START EXTRACTED INFORMATION

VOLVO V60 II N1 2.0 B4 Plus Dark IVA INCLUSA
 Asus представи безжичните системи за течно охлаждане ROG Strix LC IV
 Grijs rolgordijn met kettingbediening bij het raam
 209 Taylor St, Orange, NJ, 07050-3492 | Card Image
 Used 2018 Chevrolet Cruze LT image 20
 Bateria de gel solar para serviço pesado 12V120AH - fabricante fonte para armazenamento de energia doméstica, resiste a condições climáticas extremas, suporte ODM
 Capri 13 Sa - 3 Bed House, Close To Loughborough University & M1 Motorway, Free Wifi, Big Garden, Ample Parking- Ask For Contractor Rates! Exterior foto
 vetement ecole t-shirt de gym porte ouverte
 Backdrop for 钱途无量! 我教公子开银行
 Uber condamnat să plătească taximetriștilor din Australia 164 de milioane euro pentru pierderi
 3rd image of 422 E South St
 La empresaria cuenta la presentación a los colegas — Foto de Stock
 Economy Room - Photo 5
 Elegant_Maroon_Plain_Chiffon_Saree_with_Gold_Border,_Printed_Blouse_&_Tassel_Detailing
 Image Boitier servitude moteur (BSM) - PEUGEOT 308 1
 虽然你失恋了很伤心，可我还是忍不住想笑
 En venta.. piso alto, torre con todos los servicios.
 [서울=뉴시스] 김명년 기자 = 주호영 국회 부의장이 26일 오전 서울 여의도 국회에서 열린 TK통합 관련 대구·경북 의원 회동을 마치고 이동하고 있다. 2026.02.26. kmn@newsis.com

END EXTRACTED INFORMATION

## EXERCISE GOAL
All that belongs in your answer is the stretch of entries above from the line with "Asus представи безжичните" through the line with "Used 2018 Chevrolet Cruze LT image 20", printed exactly.

## OUTPUT BELOW
 Asus представи безжичните системи за течно охлаждане ROG Strix LC IV
 Grijs rolgordijn met kettingbediening bij het raam
 209 Taylor St, Orange, NJ, 07050-3492 | Card Image
 Used 2018 Chevrolet Cruze LT image 20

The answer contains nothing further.